The Boyd Gaming Corporation recently lost a bid to have a federal court enjoin a law firm from soliciting clients for a class action. The case is a lesson on how reluctant courts are to stop speech before it’s actually uttered. 

The Cogburn Law Offices (not sure if this guy is the senior partner) posted advertisements on Facebook soliciting clients to join a “putative” class action (“putative” means the case was filed, but not yet certified as a class action) against Boyd Gaming. The lawsuit alleged that Boyd violated the Fair Labor Standards Act when it failed to pay employees for “off the clock” work. The ads announced that the firm was currently representing “employees of Boyd Gaming who are owed overtime for work performed off-the-clock.”

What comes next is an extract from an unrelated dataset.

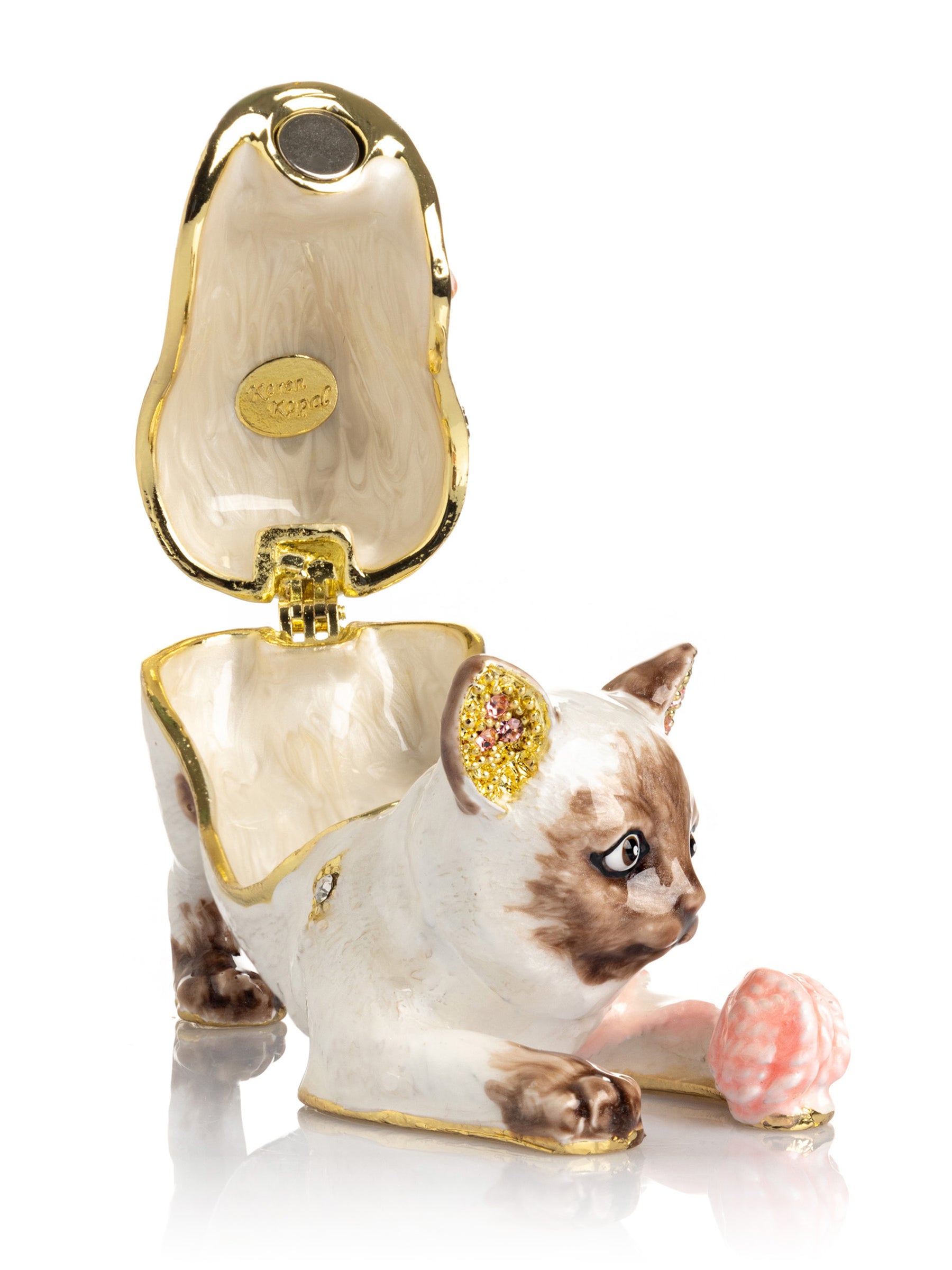 Keren Kopal Cat Playing with a ball of wool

The Cogburn firm also apparently linked its ads to the Boyd Facebook page, which meant that the ads were showing up on Boyd’s Facebook news feed. Boyd contended that the ads were misleading in that they made it appear that a court had already determined Boyd had violated the law (which was not the case) and the link to the Boyd Facebook page made it appear that Boyd was endorsing the law firm ads.   

Boyd asked the court to issue an injunction preventing the Cogburn firm from performing any further “misleading advertising for [the class action].” The court wisely decided not to issue the injunction.

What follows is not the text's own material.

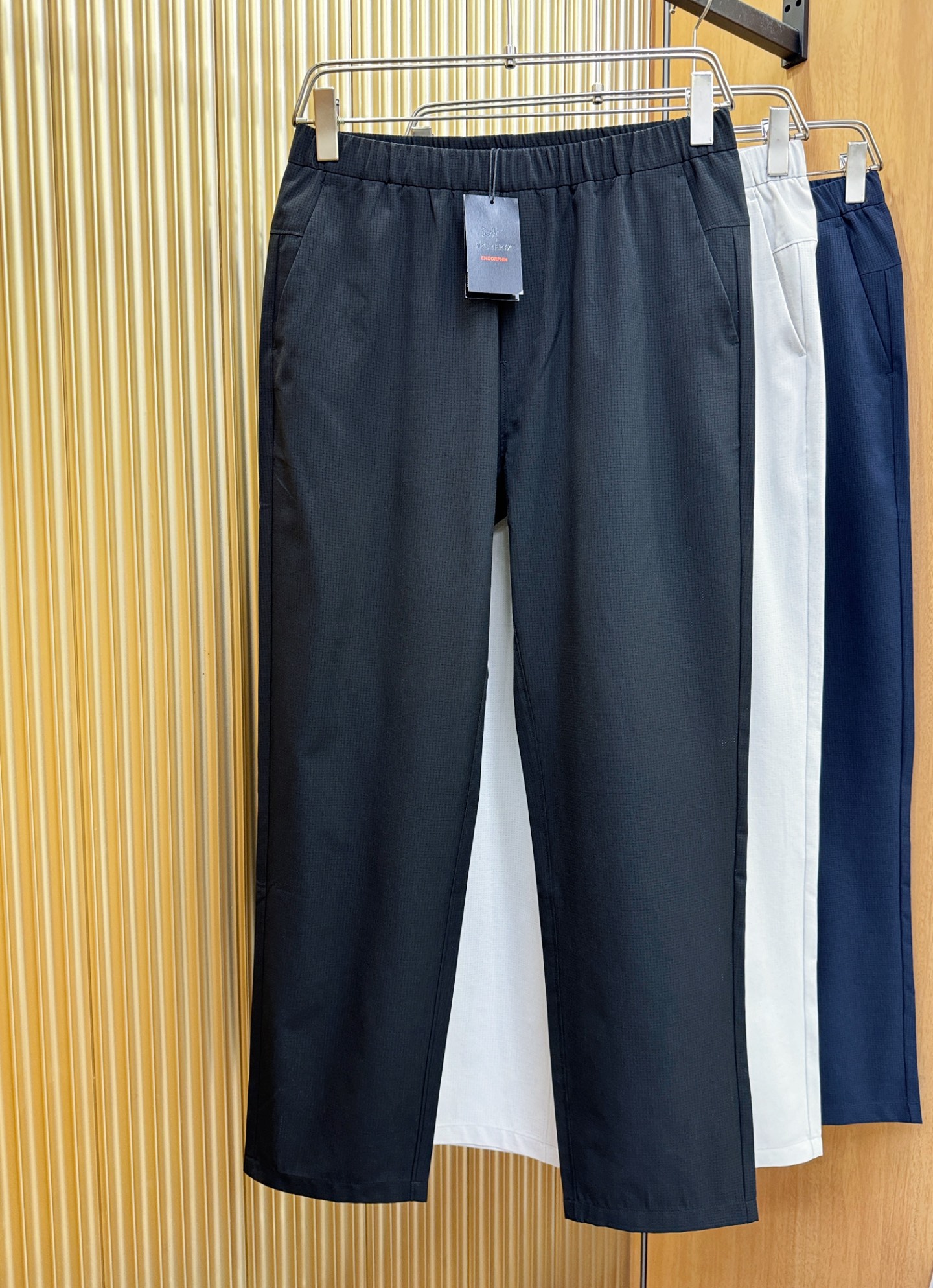 ARC‘TERYX/始祖鸟 新品休闲裤，选用欧洲进口面料，柔软舒适有质感，原版五金配件，非常炫酷，细节处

Now the court’s action doesn’t mean that it was approving the advertising. The Nevada Code of Professional Conduct prohibits “false or misleading” advertising by lawyers.  And it’s possible that the ads here violate that rule. But enjoining the ads raises two problems. First, the injunction effectively grants the remedy before a determination whether the ads are in fact misleading. Boyd can press the court for a remedy, but the injunction puts the cart before the horse. 

Second, the injunction didn’t seek to prevent all advertising – which would be an objective standard to enforce. It sought to prevent misleading advertising – a subjective standard. That would require the court to pre-screen the ads and determine in advance if they were misleading. The court wasn’t willing to take on that task.        

So for now, the Cogburn firm can keep advertising. All bets are off.